[Exercise inputs]
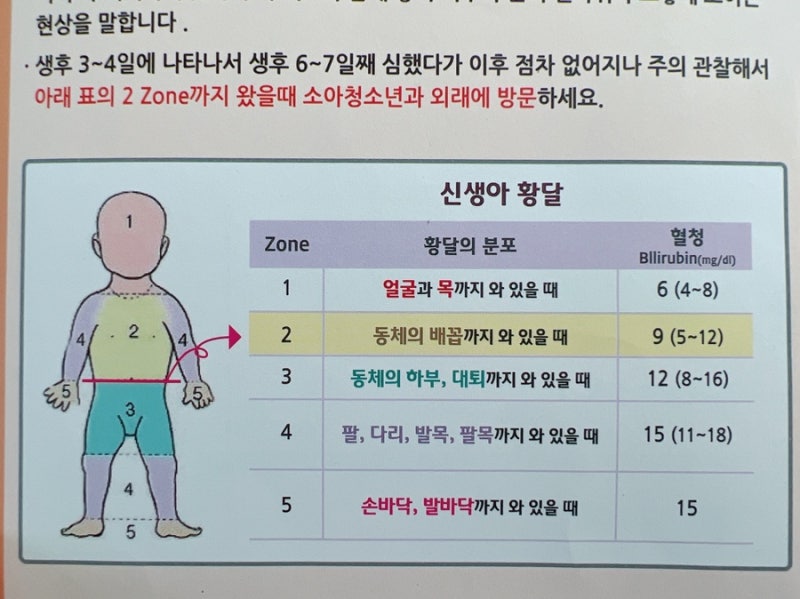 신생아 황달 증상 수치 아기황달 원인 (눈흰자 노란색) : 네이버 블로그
[/Exercise inputs]
[Exercise inputs]
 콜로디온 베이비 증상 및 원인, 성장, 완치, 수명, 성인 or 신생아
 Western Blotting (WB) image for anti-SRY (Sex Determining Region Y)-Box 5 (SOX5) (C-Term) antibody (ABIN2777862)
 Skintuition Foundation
[/Exercise inputs]
- [Exercise requirements]
Give only the lines from the one holding "콜로디온 베이비 증상 및 원인, 성장, 완치, 수명, 성인 or 신생아" through the one holding "Skintuition Foundation", each restated exactly as it appears above.

- [Response to this exercise]
 콜로디온 베이비 증상 및 원인, 성장, 완치, 수명, 성인 or 신생아
 Western Blotting (WB) image for anti-SRY (Sex Determining Region Y)-Box 5 (SOX5) (C-Term) antibody (ABIN2777862)
 Skintuition Foundation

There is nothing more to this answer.